Often when I sit at my computer to begin my daily routine the first hour or so is a struggle. The words I want to put down are in my head, but for some reason they don’t make it onto the screen as quickly as I would like. Perhaps it’s the distraction of my surroundings, TV, Internet —which I believe is poison for a writer— I tend to turn these off now. I tune in to twitter once a day to see what everyone is saying, or if I have something I want to share. The television stays off, I plug in my iPod and my playlist serves for motivation and at the odd time there is the one song that inspires.
I have been working on a story for the past couple of months or so, normally writing comes incredibly easy to me, but this one piece of work has been a struggle. I have read and reread the first four chapters and hate them, I start to rewrite it because I find it isn’t flowing how I would like. The MC is coming off as insensitive and immature, this isn’t how I want her to come across. She will go through a lot in the story, will have to make decisions that will not only affect her but a very small group of people. Anyway, nothing seems to be going right, the story is off somehow and I needed to fix it . Finally reaching the end of my rope I decided to give up on it, the story wasn’t going where I wanted it to go, or rather I didn’t know how put it in the direction I wanted to go, so I stopped.

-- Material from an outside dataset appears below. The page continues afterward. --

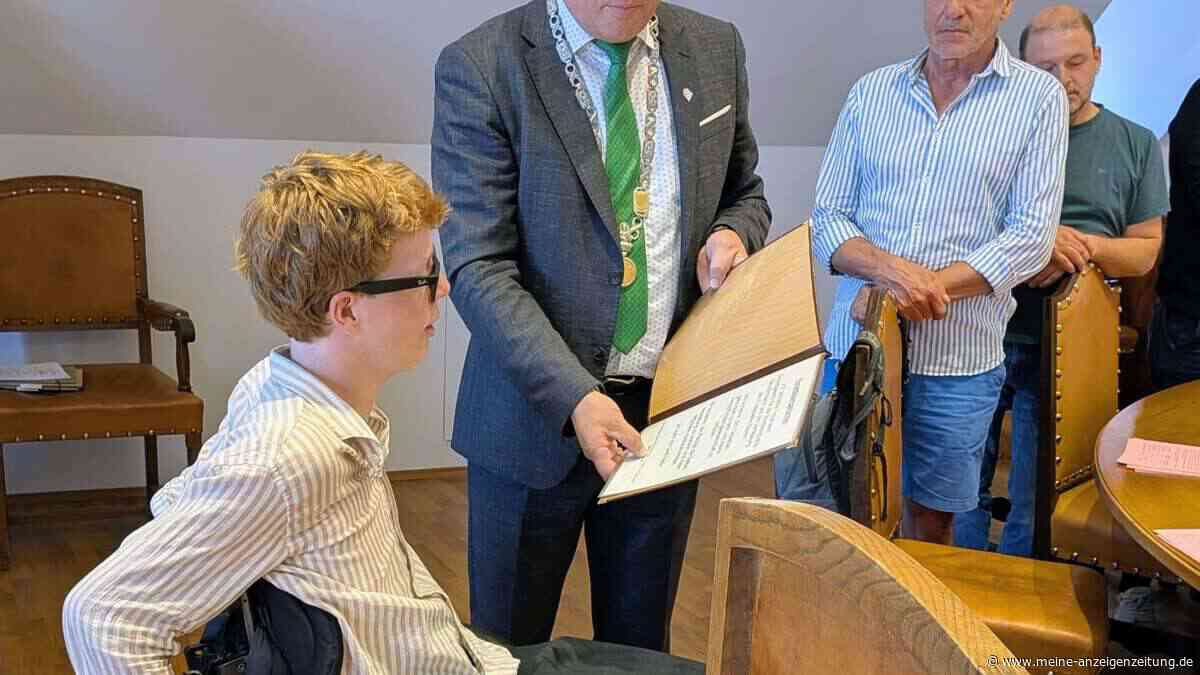 Querschnittsgelähmt nach Unfall: 21-Jähriger rückt in Erdinger Stadtrat nach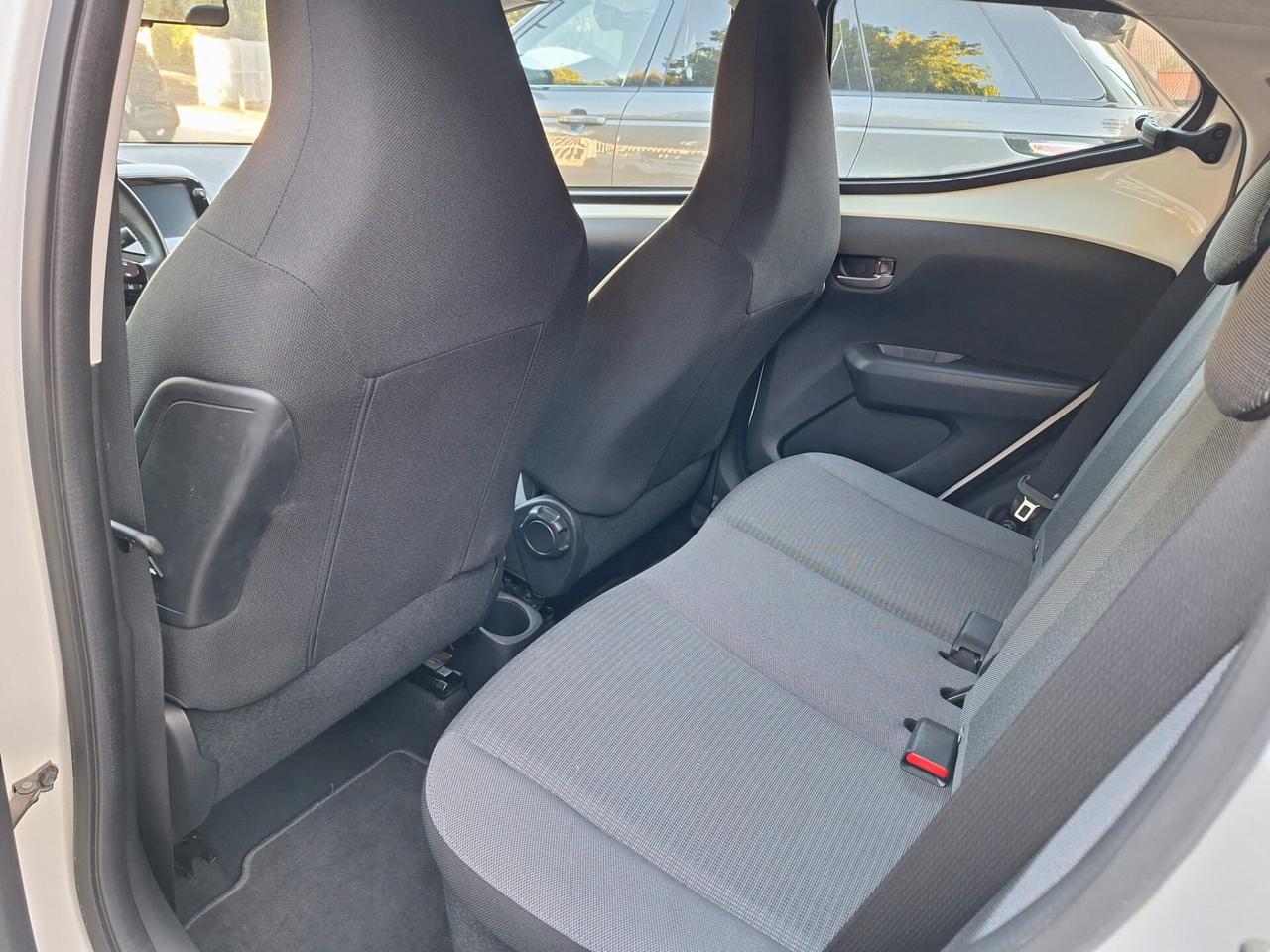 Toyota Aygo Connect 1.0 VVT-i 72 CV 5 porte x-fun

Sometimes though giving up might be just what a writer needs to get back on track. We all hear how the characters in their stories quite literally don’t leave them alone and so on, well that’s just what happened to me, my MC wanted her story told and therefore she was not going to let me just give up. Yesterday I sat at my lap top, closed off any distractions, blogger, twitter and T.V. and started to write. The words flowed, the story began to get told the way it should have been told from the get go, we read blogs about where a story should start all the time right? Well let me tell you the beginning is not always the beginning of the story, if you get what I am saying. sometimes the beginning of a novel is the middle of the story. So, this was the problem with my WIP, I was starting it in the wrong place, I wanted the story to be told without revealing too much in the beginning, but sometimes you must tell in order to begin he showing process. I have such and emotional connection with this MC and with the story that when I started the story over in the way I felt it should be told, the process had me in tears. I was genuinely moved because I was feeling the story, I felt the MC frustrations, anger and to an extent her loss. 10k words later I like to think am on the right track.
How emotionally connected are you with characters? Have you ever had an experience where the story completely overwhelmed you? How so?